An exhibition catalogue typically advances either scholarly insight or popularity; a museum’s interests are bound up in extending its reputation and/or improving its bottom line. For readers, the end product of all that backstage ado usually pays minimal attention to organizational goals. Pleasures reside in gaining insights, seeing familiar works reproduced in new contexts, and discovering new works and artists in unforeseen alliances.
In the case of Lisa Hostetler’s
Street Seen, published to accompany a 2010 exhibition of the same name at Milwaukee Art Museum, where Hostetler is Curator of Photographs, the pleasures are numerous. Scholarship here serves an audience eager to make new connections with familiar work; the intellectual space of “street photography” has its fervent adherents and rabid detractors, and Hostetler is not afraid to engage with the ongoing debate about spontaneous, instinctive photography in situ, out in the public areas of city life.
Hostetler wisely offers the following disclaimer: “The street, per se, is rarely the subject of the images to which the term is applied, and ‘street photography’ refers only occasionally to the practice of an itinerant entrepreneur who makes unsolicited snapshots of passersby and then tries to sell them to the subjects…. I have avoided using the term whenever possible.” What her selection describes, then, is a mode of photography that pushes the envelope of description, that seeks darkness and the inexplicable, that confutes the alleged truths of photography in favor of impressions and emotional resonance.

Street Seen, by Lisa Hostetler. Published by Prestel, 2010.
Hostetler makes exemplary use of images that happen to be in her collection: a pair of prints by Don Donaghy; a haunting Sid Grossman photograph titled Shooting Boy with Mask; a tremendous selection of color and b/w prints from Saul Leiter; Marvin Newman’s oddly calm typology of six pairs of women’s lower legs; and Ted Croner, whose winter street scenes mark him as a latter-day Stieglitz. Without having been able to see the show in Milwaukee, one can still enjoy the exhibition’s thrust and perceive how right the choices seem, on the whole. One forgivably museum-like (i.e. extraneous for publication) aspect of the book is its inclusion of a brief chapter on Action Painting and photography, perhaps motivated by the presence of works by Kline, de Kooning, and Pousette-Dart in Milwaukee’s collection (and by a hoped-for link with baseball impresario Bud Selig, who loaned a second de Kooning).

Street Seen, by Lisa Hostetler. Published by Prestel, 2010.

Street Seen, by Lisa Hostetler. Published by Prestel, 2010.
Street Seen does everyone the favor of expanding the field from New York City to Chicago, London, Paris, and other urban environs.
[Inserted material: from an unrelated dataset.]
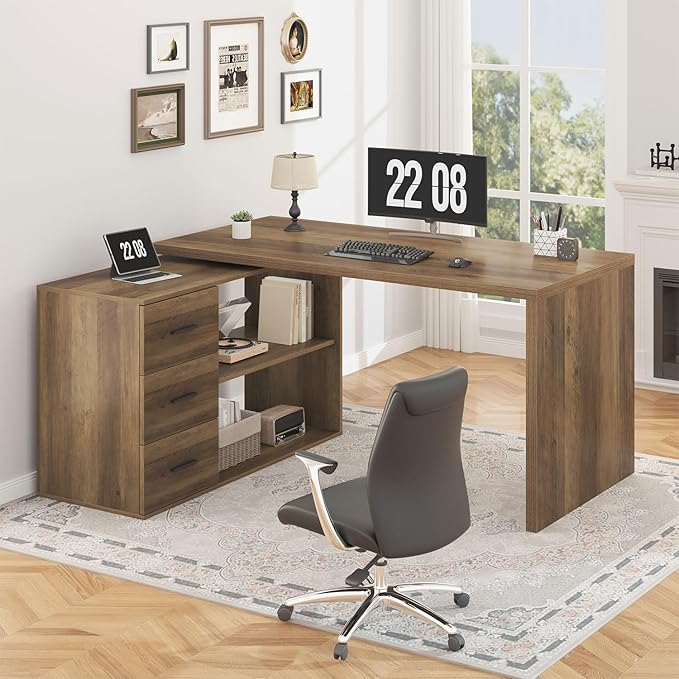 HSH 360 Rotating L Shaped Desk with Drawers, L Shape Computer Desk with Storage Cabinet Shelves, Rustic Home Office Desk for Executive Writing Study Work, Wood Table Swivel Desk, Rustic Oak, 55 Inch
One could be forgiven for thinking, based on most previous studies, that the entire school of street photographers was born, raised, and trained to stay on Manhattan with invisible fences that first shocked and later blinded them if they left the island. The selection of work includes the traumatic Bourke-White images of dead prisoners of war in German concentration camps, published in Life and Vogue in 1945, plus additional iconic combat images from World War II, underscoring photography’s increasing familiarity with the indescribable. The narrative closes at 1959, with the (U.S.) publication of Robert Frank’s The Americans, an apt demarcation. Frank, and his photographic mentor Louis Faurer (the subject of Hostetler’s Princeton Ph.D. dissertation, and very well utilized in
Street Seen), represent the full embodying of a stance that asserted, in Frank’s words, that “it is always the instantaneous reaction to oneself that produces a photograph.” In that way, a photographer’s psyche imprints itself on the image along with developed silver salts.